Partnerships with best-in-class managers, digital business partners and asset servicers can provide a fast and cost-effective way to meet investor demands and evolve business models. But surprisingly few investment managers (11%) are planning either acquisitions or joint ventures as they look to deal with disruption.
“The need to optimise performance, risk and cost in today’s tough market conditions is triggering asset managers to step up the pace of transformation, with many viewing taking out costs and inefficiencies as the top priority for 2023. An increasing number of asset managers are turning to Managed Services as a flexible cost-effective option to address operational cost challenges in areas such as tax, legal, finance, middle office functions and more. Many asset managers value the operational flexibility and the freedom to focus on their core capabilities and investment activities.
However, asset managers also recognise the critical role the sector plays in the real economy, and the need to build on the UK’s prominent position as a leader in sustainable investing.”
Albertha Charles, Leader of Asset and Wealth Management, PwC UK
Regulation remains a significant source of disruption for FS organisations. While the Edinburgh Reforms are set to usher in a further period of substantial change, they also bring the benefits of greater clarity over Government policy and the direction of regulation ahead.
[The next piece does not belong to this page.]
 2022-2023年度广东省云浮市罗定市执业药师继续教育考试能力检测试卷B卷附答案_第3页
The announcements do not represent a ‘bonfire’ of regulation. Rather, they seek to strike a pragmatic balance between market and consumer protection and boosting competitiveness and growth. In the post-Brexit world, the Government wants to see an “open, sustainable, technologically advanced financial services sector that is globally competitive”.
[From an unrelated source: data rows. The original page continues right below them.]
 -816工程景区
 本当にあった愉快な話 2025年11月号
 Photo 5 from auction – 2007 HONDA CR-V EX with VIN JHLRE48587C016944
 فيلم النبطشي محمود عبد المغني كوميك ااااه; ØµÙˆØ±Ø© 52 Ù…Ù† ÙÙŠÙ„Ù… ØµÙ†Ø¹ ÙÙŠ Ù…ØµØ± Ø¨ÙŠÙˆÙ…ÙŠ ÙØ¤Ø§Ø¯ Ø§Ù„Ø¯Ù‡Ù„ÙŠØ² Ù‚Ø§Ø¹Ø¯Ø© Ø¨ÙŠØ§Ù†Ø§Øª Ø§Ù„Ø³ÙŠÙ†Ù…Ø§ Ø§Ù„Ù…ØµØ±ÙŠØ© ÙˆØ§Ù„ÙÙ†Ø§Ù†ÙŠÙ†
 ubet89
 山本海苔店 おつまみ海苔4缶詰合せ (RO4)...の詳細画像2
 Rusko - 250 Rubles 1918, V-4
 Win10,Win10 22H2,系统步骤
Key goals include ensuring onshored EU regulation is suitable for the UK market and sustaining the UK’s place at the forefront of technology, innovation and green finance. Measures to support this include the addition of growth and international competitiveness objectives for the PRA and FCA. There will also be some relaxation of the ring-fencing rules for smaller banks. Further plans include adjustments to Solvency II to help increase infrastructure investment and release more insurance capital into the real economy.
But as much as the Reforms have been welcomed by the FS industry, there is a lot of detail still to come and work ahead in implementing the changes and realising the opportunities.
As margins come under pressure, cost control remains critical. However our survey suggests that many FS organisations now favour investment in skills and retention over retrenchment. Not only would upskilling help FS organisations drive transformation and growth, research also shows that it’s a more cost-effective option than recruitment or redundancies.
Alongside support for hard-pressed customers, there is also a growing recognition among FS organisations that strengthening the engagement, wellbeing and financial wellness of employees is a critical part of their purpose. This makes sound business sense as well as being the right thing to do. PwC research has found that more than 80% of UK workers believe that their wellbeing affects their productivity. In turn, research carried out by PwC in the US shows that supporting the financial wellness of employees can boost retention and productivity.
A key theme of the Edinburgh Reforms is the role of FS in delivering net zero and how to sustain the UK’s global role as a green finance hub. To succeed, funding needs to be made available on an industrial scale – PwC research has found that £40 billion of annual capital investment in new low carbon and digital infrastructure is needed to ensure a credible pathway to meeting the UK’s decarbonisation goals.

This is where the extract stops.